Simon Taufel Joins The Debate Regarding Switch-Hit

Simon Taufel Joins The Debate Regarding Switch Hit

Simon Taufel
Simon Taufel. Credit: Getty Images

Former ICC umpire, Simon Taufel has aired his views regarding the switch hit. Recently the switch hit has been in the news, when former Australian captain, Ian Chappell demanded the ICC to ban the shot. Chappell’s comments came after Glenn Maxwell used the shot to perfection as he toyed with the Indian bowlers in the ODI series, which Australia won 2-1.
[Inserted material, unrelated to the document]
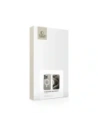 Kup Tech-Protect FlexAir MagSafe Apple iPhone 15 Pro Clar - THP3579 - {ean13} - Sklep Home Screen
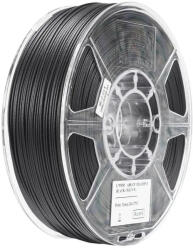 eSUN - ABS-CF - Fekete - 1, 75 mm - 1 kg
A switch hit is different from the reverse sweep. In the switch hit, the batsman changes his grip; he becomes left-handed from right-handed and vice versa, but in the reverse sweep, the grip remains the same.

Ian Chappell, Crowd, Coronavirus, Pink Ball Test, Border Gavaskar Trophy,
Ian Chappell. Credit: AAP Photo

Hence, Chappell opined that it is unfair that a batsman becomes ‘opposite-handed’ while playing the switch-hit, and thus renders the field set by the captain useless. He urged the ICC to ban this shot. Later Maxwell fired back at Chappell saying that the shot is ‘within the laws of the game’.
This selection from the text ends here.